Bargeld-Streit mit Hausratversicherer

Berater von Martin Thaler

Muss eine Versicherung für Bargeld aufkommen, dass bei einem Einbruch gestohlen wird. Das OLG Oldenburg nahm sich dieser Frage an.

Vor Gericht ging es um einen Einbruch und die spätere Leistung der Hausratversicherung.

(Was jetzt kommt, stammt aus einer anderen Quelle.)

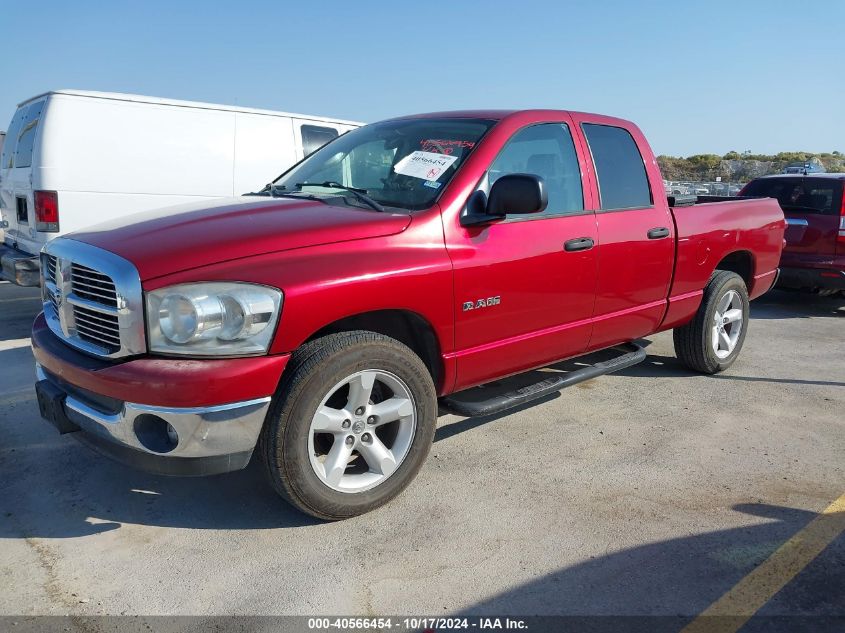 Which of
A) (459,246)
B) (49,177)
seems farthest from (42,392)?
(49,177)

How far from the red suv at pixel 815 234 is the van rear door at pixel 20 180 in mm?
8071

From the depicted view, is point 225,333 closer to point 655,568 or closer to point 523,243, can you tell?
point 523,243

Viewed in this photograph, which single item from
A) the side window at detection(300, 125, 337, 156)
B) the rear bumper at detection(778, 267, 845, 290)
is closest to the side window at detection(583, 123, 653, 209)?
the rear bumper at detection(778, 267, 845, 290)

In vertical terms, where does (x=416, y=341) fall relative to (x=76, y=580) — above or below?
above

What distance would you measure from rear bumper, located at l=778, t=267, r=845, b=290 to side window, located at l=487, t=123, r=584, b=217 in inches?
205

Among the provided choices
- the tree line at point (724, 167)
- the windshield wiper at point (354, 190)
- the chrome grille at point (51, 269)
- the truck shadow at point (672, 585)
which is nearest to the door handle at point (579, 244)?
the windshield wiper at point (354, 190)

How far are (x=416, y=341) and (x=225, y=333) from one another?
3.47 feet

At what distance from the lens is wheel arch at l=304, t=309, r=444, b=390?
3219mm

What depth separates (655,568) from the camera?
9.16ft

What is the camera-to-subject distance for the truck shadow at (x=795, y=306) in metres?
8.16

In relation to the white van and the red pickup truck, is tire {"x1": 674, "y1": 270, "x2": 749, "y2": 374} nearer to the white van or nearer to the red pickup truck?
the red pickup truck

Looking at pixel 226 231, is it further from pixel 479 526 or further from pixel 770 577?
pixel 770 577

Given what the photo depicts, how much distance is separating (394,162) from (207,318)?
1.58 metres

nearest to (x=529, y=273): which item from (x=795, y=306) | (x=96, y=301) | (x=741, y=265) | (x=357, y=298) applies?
(x=357, y=298) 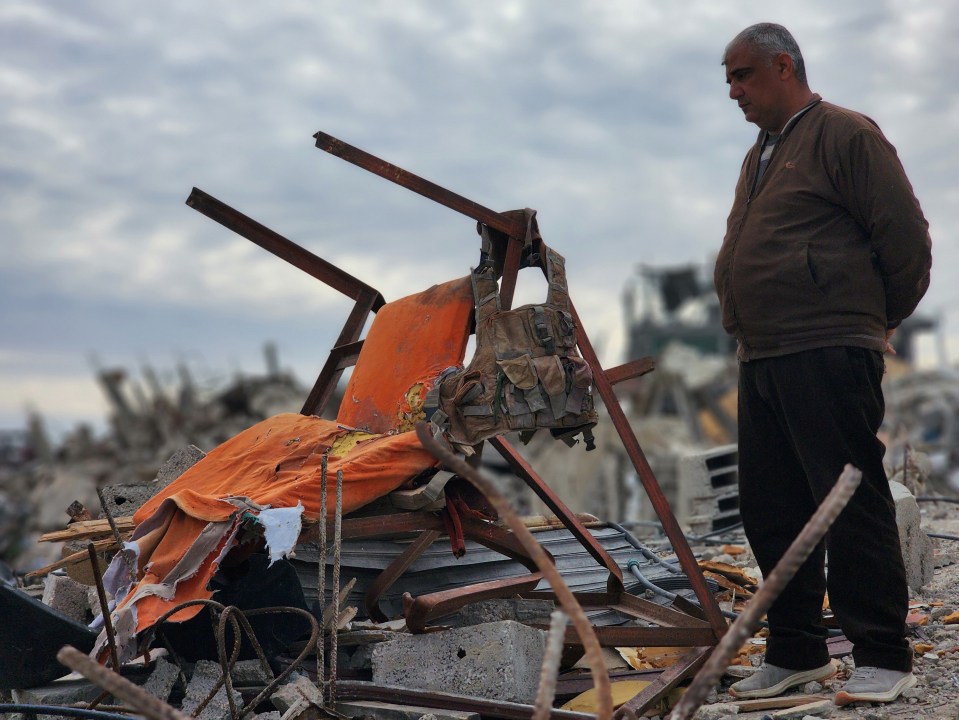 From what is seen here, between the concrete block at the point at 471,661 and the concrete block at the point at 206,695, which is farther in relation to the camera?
the concrete block at the point at 206,695

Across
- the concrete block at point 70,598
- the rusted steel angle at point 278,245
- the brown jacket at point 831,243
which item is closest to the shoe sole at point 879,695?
the brown jacket at point 831,243

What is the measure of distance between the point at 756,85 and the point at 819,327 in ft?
3.23

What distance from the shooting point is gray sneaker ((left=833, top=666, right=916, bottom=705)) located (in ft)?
11.0

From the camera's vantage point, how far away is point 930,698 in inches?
134

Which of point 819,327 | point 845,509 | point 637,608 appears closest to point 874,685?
point 845,509

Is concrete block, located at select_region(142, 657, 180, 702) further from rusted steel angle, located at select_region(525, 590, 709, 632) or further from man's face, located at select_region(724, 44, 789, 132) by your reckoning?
man's face, located at select_region(724, 44, 789, 132)

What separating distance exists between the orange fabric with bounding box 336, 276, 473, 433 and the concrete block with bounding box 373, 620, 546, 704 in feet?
3.17

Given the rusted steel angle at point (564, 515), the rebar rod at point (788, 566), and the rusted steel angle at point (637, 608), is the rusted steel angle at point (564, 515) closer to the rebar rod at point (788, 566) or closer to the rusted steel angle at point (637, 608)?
the rusted steel angle at point (637, 608)

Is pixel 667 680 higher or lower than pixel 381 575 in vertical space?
lower

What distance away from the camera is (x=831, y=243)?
3.53 m

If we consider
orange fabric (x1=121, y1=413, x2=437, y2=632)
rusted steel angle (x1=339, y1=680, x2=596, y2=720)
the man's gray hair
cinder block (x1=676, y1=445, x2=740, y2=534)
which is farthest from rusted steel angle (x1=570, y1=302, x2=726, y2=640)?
cinder block (x1=676, y1=445, x2=740, y2=534)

Vor Gericht ging es um einen Einbruch und die spätere Leistung der Hausratversicherung. Foto: ElisaRiva - Pixabay.de

Die Zahl der Einbrüche steigt seit einigen Jahren – gut, wer im Fall der Fälle über eine Hausratversicherung verfügt, die zumindest den materiellen Schaden ersetzen kann. Doch was passiert, wenn größere Bargeldsummen im Haus aufbewahrt werden und diese geklaut werden? Mit dieser Frage musste sich nun das Oldenburger Oberlandesgericht (Az: 5 U 162/16) beschäftigen.  

Was war passiert?  

Ein Osnabrücker Restaurantbesitzer war Opfer eines Einbruchs geworden. In seinen Privaträumen hatte der Mann auch Trinkgelder in erheblicher Höhe aufbewahrt. Die Hausratversicherung des Mannes verwies auf die allgemeinen Vertragsbedingungen. Diese besagten, dass Bargeld, das nicht in einem Tresor aufbewahrt wird, nur bis zu einer Höhe von 1.100 Euro ersetzt werde. Der Mann klagte dagegen.  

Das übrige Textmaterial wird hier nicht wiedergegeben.